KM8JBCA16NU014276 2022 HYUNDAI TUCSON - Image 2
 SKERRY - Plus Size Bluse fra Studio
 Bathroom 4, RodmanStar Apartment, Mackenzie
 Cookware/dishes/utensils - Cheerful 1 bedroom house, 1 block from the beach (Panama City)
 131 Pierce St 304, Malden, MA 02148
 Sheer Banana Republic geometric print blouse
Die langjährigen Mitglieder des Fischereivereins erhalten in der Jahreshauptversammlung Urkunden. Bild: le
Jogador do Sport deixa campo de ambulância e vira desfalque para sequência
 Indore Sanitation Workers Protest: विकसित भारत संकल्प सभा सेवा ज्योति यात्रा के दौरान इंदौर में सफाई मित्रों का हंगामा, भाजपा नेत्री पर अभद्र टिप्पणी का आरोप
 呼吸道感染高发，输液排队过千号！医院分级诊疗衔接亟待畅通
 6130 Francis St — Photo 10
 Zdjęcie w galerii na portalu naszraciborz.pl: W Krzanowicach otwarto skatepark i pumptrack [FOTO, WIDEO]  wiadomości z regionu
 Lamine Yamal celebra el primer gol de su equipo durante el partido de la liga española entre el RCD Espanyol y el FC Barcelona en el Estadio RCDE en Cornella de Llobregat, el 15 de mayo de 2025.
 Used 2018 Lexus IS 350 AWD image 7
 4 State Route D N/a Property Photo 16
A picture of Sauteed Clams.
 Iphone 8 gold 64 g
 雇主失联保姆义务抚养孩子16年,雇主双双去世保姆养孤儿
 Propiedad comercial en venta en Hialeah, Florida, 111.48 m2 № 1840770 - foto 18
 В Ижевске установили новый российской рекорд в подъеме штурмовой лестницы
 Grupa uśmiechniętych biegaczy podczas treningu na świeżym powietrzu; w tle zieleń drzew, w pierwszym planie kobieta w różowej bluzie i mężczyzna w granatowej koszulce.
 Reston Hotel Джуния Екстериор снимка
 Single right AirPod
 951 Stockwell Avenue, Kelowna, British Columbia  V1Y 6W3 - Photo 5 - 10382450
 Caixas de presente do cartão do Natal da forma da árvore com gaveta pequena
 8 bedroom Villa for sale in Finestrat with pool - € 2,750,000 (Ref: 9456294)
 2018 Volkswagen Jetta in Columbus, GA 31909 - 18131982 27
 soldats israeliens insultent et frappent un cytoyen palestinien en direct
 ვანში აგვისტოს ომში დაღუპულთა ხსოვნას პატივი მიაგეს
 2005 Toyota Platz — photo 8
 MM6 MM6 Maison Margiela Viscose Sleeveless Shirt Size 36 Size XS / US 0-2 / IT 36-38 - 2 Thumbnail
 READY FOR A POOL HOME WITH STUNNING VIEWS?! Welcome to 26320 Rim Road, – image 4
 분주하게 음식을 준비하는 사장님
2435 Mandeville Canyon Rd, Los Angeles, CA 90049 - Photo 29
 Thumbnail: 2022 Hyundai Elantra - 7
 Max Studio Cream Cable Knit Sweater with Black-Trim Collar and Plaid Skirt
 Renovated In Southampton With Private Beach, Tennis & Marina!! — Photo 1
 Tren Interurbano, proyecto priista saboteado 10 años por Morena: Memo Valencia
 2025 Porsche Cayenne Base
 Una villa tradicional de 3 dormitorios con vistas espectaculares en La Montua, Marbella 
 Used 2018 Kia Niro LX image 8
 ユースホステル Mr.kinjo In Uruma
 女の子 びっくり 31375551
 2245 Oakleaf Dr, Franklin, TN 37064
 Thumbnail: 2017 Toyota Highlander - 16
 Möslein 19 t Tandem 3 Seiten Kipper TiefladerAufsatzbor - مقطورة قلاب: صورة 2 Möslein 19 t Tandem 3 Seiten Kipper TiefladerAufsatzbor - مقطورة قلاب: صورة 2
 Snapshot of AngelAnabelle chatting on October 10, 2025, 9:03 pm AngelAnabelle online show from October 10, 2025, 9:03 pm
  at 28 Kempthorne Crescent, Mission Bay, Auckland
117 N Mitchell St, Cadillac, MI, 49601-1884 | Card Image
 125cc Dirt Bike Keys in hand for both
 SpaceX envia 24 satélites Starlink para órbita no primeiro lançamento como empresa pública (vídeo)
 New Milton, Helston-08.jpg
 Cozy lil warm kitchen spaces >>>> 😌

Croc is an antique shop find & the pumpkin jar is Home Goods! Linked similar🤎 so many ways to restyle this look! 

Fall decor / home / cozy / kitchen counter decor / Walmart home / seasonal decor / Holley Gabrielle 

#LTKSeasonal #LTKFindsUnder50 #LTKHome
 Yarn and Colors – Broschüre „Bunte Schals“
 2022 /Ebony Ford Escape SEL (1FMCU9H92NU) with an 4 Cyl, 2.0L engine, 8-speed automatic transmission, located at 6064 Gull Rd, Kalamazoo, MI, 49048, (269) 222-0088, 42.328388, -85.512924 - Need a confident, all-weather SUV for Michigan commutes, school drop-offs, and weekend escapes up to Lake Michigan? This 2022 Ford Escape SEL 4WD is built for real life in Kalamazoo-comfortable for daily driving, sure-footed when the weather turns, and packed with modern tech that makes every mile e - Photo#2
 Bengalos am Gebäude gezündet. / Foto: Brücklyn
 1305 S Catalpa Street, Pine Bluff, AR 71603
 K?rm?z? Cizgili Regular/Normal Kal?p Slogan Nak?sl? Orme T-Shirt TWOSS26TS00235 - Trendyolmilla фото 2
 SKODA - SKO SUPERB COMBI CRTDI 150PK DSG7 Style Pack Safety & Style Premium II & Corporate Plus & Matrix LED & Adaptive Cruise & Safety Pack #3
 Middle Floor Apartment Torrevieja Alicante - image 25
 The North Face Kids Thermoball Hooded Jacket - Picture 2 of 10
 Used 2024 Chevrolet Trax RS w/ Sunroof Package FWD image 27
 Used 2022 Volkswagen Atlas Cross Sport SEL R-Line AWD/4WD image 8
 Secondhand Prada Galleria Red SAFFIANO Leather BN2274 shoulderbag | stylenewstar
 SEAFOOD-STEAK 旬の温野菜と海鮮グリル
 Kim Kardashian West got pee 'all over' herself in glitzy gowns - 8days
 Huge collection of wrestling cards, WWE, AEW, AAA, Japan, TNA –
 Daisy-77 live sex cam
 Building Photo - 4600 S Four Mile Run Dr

■ **WORK ITEM**: In the entries above, please find the line with "Yarn and Colors" and the line with "Bengalos am Gebäude", then write out exactly those two lines and every line between them, and nothing more.

■ **SOLUTION FOR THIS TASK**:
 Yarn and Colors – Broschüre „Bunte Schals“
 2022 /Ebony Ford Escape SEL (1FMCU9H92NU) with an 4 Cyl, 2.0L engine, 8-speed automatic transmission, located at 6064 Gull Rd, Kalamazoo, MI, 49048, (269) 222-0088, 42.328388, -85.512924 - Need a confident, all-weather SUV for Michigan commutes, school drop-offs, and weekend escapes up to Lake Michigan? This 2022 Ford Escape SEL 4WD is built for real life in Kalamazoo-comfortable for daily driving, sure-footed when the weather turns, and packed with modern tech that makes every mile e - Photo#2
 Bengalos am Gebäude gezündet. / Foto: Brücklyn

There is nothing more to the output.